Austin Rivers, who’s being recruited by Duke and Carolina, was a co-MVP of the game with 15 points for the losing white team. Unfortunately, he sprained his right wrist and even took, and missed, a free throw with his left hand. He’s probably going to miss the next all-star game, which is probably a good thing. Rivers is scheduled to take an official visits to Duke the weekend of Oct. 1 and to UNC the weekend of Oct. 16.

The other co-MVP of the white team was James McAdoo, who has verbally committed to UNC. The MVPs of the winning gold team were Myck Kabongo (verbal, Texas) and Kyle Wiltjer (verbal, Kentucky).

Others included Michael Gbinije (verbal, Duke), Deuce Bello (maybe Florida State or Wake), Quincy Miller (maybe Duke) and Quinn Cook (maybe Duke or Carolina).
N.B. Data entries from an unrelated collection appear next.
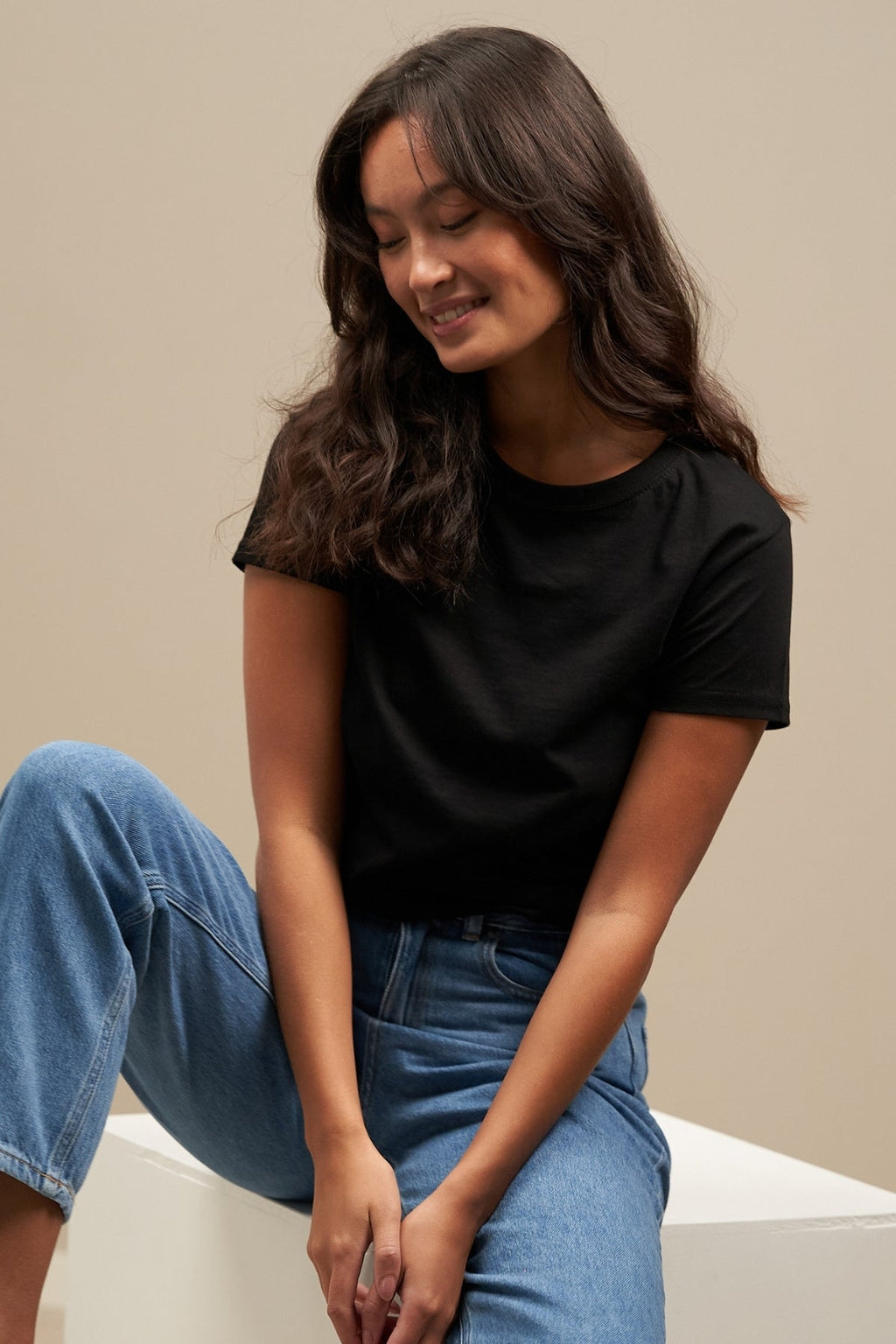 Basic T -Shirt - Paketangebot (7 Stcs.)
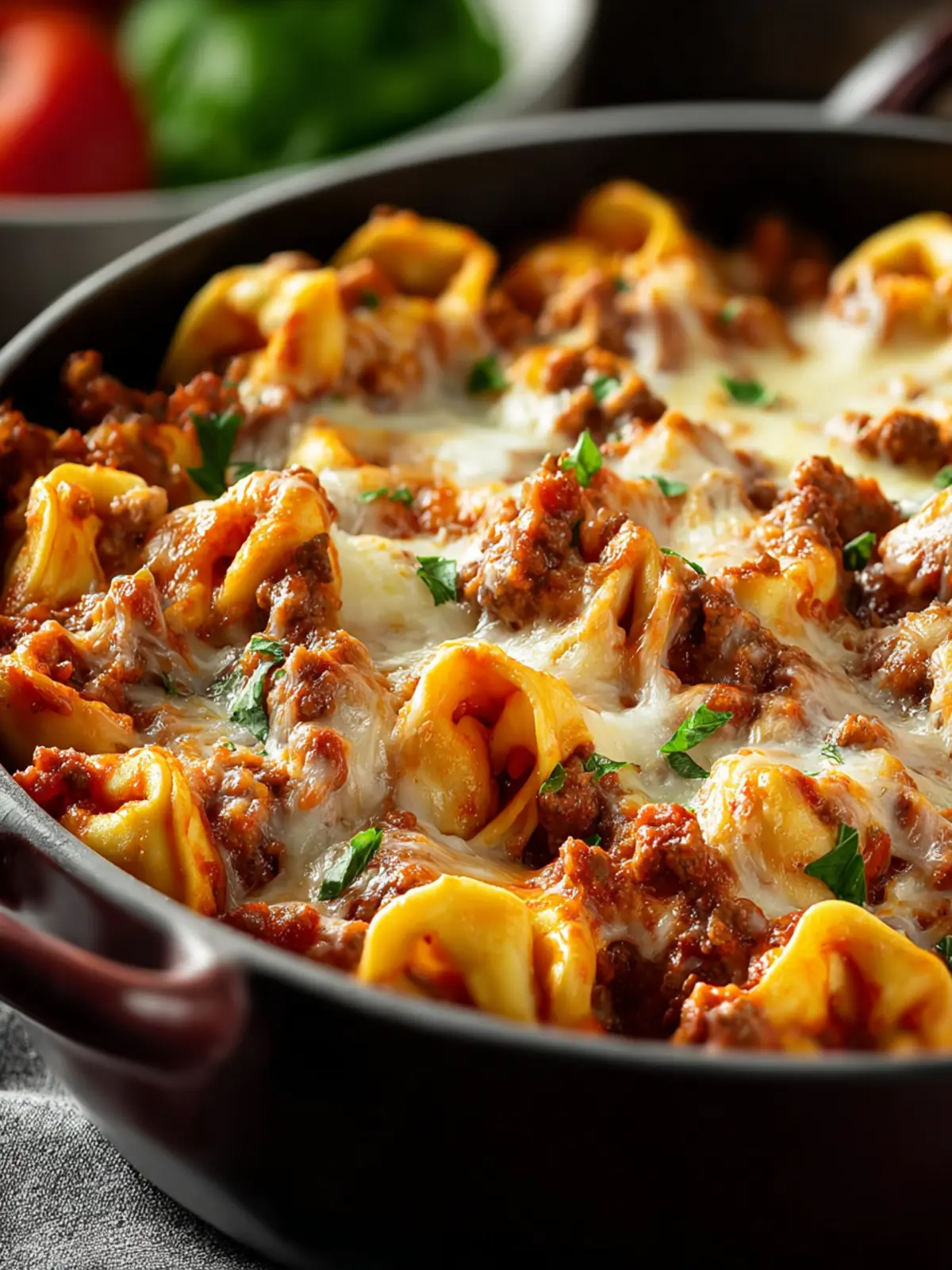 Ultimate Beefy Tortellini Bake: Comfort Food Delight First Image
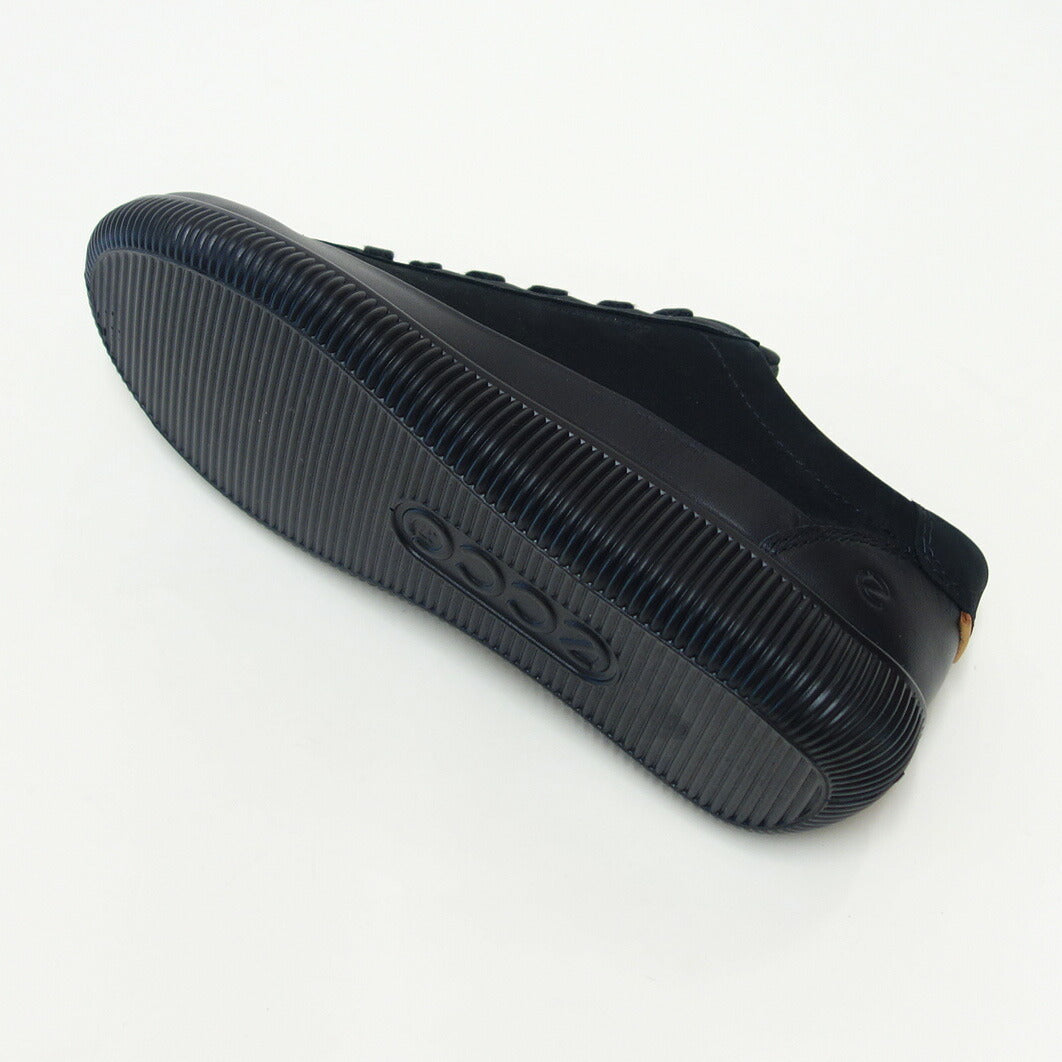 エコーECCOSOFTZEROWOMEN'SSNEAKERSブラック22028351052（レディース）防水快適な履き心地レザースニーカーレースアップウォーキングシューズ旅行「靴」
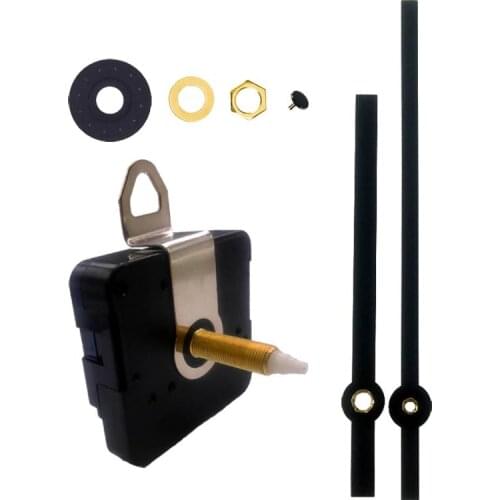 1 sets DIY Wall Clock Movement Long Spindle 31MM Metal hour and Minute Hand DIY Clocks accessories Hot sale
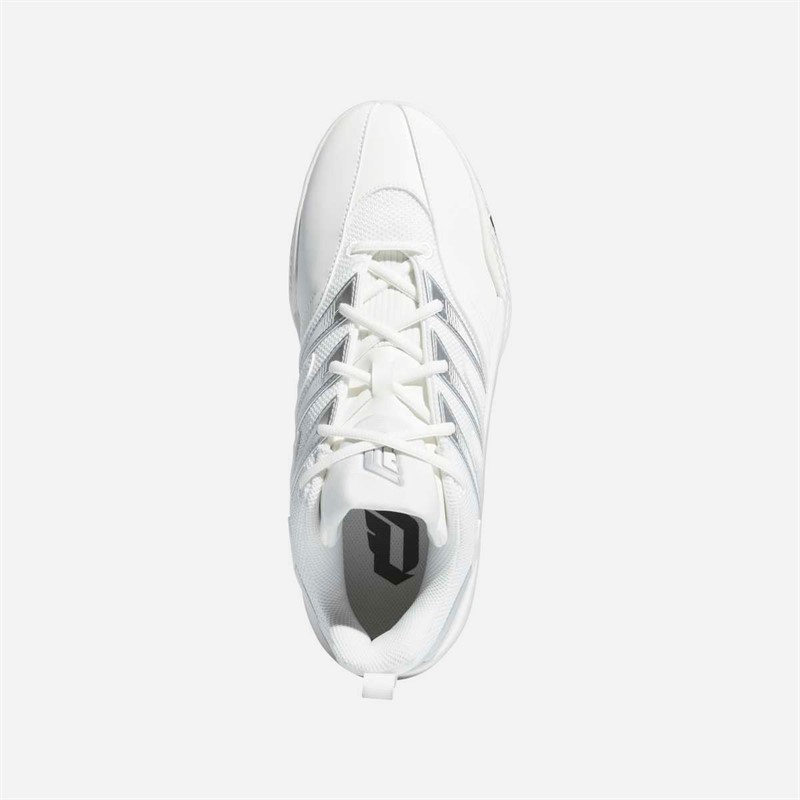 adidas Dame Certified 3 buty do koszykówki dla niego kolor Chalk White/Core Black/Silver Metallic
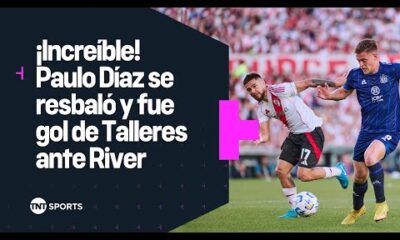 IncreÃ­ble ERROR de PAULO DÃAZ y LEY DEL EX para GIROTTI ante RIVER â½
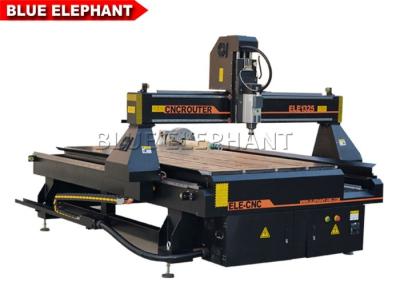 China 4 Achsen-Grabstein-Graviermaschine 4x8 Luftkühlungs-Spindel Cnc-Router-6kw HSD zu verkaufen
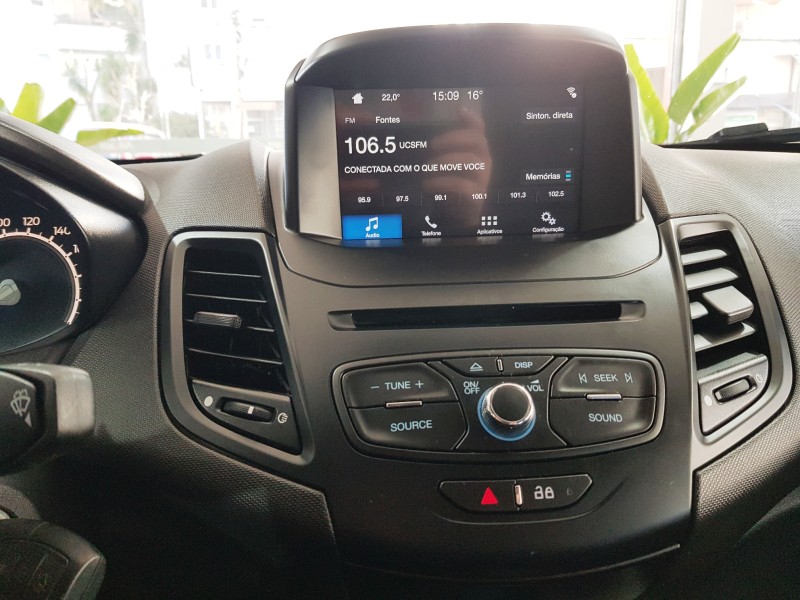 FIESTA 1.6 SEL HATCH 16V FLEX 4P AUTOMÁTICO - 2018 - CAXIAS DO SUL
I’m just not sure that these tournaments – and there are something like 75 playground tournaments in New York alone – are ultimately helpful. Yes, they play against good competition but defense is suspect at these events, there’s a chance of injury, players become celebrities at a young age, there are some shady hangers on, and there is an atmosphere around the events that may not be the best. In other words, the culture could add to the problems we see with sports agents, troublemaker friends and the attitude that playing college ball is simply a stepping stone to the pros, not a way to get an education. Even NBA careers are short for most who make it.

I’m sure most of those putting on these events are well meaning, good people and I’m sure ESPN has good intentions airing these events (even if the announcers are reminiscent of the Cosby kids when they were all laughing, joking and talking at once) but I can’t help but think it’s not good in the long run.

As one of the announcers said laughingly when someone leaped off the bench onto the floor during the game, “Everywhere else that’s a technical. At Elite 24, it’s encouraged.”

Let’s encourage these young men to conduct themselves well and not thrust themselves into the future already when they may or may not be a star making millions of dollars.